(Beginning of DATA SUPPLIED)

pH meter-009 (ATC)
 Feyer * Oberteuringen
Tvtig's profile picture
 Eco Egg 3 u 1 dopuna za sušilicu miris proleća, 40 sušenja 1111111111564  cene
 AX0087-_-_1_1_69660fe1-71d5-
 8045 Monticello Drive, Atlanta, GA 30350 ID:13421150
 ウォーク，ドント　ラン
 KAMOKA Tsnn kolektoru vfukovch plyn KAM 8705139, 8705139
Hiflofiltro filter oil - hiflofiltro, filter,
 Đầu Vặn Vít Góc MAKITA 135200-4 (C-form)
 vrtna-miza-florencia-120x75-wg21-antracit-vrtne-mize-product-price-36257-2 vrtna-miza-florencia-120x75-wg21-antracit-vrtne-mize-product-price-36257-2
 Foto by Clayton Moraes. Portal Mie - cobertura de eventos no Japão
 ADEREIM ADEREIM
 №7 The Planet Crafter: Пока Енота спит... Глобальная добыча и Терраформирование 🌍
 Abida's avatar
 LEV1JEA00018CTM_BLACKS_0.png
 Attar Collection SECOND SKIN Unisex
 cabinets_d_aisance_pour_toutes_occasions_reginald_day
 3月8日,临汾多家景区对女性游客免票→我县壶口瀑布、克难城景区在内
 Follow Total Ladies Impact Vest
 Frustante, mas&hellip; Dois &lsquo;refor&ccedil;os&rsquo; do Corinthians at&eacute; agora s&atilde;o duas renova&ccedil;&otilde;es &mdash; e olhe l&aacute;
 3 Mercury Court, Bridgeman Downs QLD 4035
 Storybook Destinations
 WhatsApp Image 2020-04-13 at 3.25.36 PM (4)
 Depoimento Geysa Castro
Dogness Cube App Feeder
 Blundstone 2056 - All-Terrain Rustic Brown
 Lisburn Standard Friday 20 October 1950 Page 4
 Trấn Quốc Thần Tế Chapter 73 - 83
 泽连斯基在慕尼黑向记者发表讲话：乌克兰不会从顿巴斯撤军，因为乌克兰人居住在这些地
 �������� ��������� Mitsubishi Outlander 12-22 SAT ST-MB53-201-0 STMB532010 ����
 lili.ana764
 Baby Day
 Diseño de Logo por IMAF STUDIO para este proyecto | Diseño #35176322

(End of DATA SUPPLIED)

- [WORK REQUIRED]
Repeat every record, exactly as written.

- [RESULT FOR THIS TASK]
pH meter-009 (ATC)
 Feyer * Oberteuringen
Tvtig's profile picture
 Eco Egg 3 u 1 dopuna za sušilicu miris proleća, 40 sušenja 1111111111564  cene
 AX0087-_-_1_1_69660fe1-71d5-
 8045 Monticello Drive, Atlanta, GA 30350 ID:13421150
 ウォーク，ドント　ラン
 KAMOKA Tsnn kolektoru vfukovch plyn KAM 8705139, 8705139
Hiflofiltro filter oil - hiflofiltro, filter,
 Đầu Vặn Vít Góc MAKITA 135200-4 (C-form)
 vrtna-miza-florencia-120x75-wg21-antracit-vrtne-mize-product-price-36257-2 vrtna-miza-florencia-120x75-wg21-antracit-vrtne-mize-product-price-36257-2
 Foto by Clayton Moraes. Portal Mie - cobertura de eventos no Japão
 ADEREIM ADEREIM
 №7 The Planet Crafter: Пока Енота спит... Глобальная добыча и Терраформирование 🌍
 Abida's avatar
 LEV1JEA00018CTM_BLACKS_0.png
 Attar Collection SECOND SKIN Unisex
 cabinets_d_aisance_pour_toutes_occasions_reginald_day
 3月8日,临汾多家景区对女性游客免票→我县壶口瀑布、克难城景区在内
 Follow Total Ladies Impact Vest
 Frustante, mas&hellip; Dois &lsquo;refor&ccedil;os&rsquo; do Corinthians at&eacute; agora s&atilde;o duas renova&ccedil;&otilde;es &mdash; e olhe l&aacute;
 3 Mercury Court, Bridgeman Downs QLD 4035
 Storybook Destinations
 WhatsApp Image 2020-04-13 at 3.25.36 PM (4)
 Depoimento Geysa Castro
Dogness Cube App Feeder
 Blundstone 2056 - All-Terrain Rustic Brown
 Lisburn Standard Friday 20 October 1950 Page 4
 Trấn Quốc Thần Tế Chapter 73 - 83
 泽连斯基在慕尼黑向记者发表讲话：乌克兰不会从顿巴斯撤军，因为乌克兰人居住在这些地
 �������� ��������� Mitsubishi Outlander 12-22 SAT ST-MB53-201-0 STMB532010 ����
 lili.ana764
 Baby Day
 Diseño de Logo por IMAF STUDIO para este proyecto | Diseño #35176322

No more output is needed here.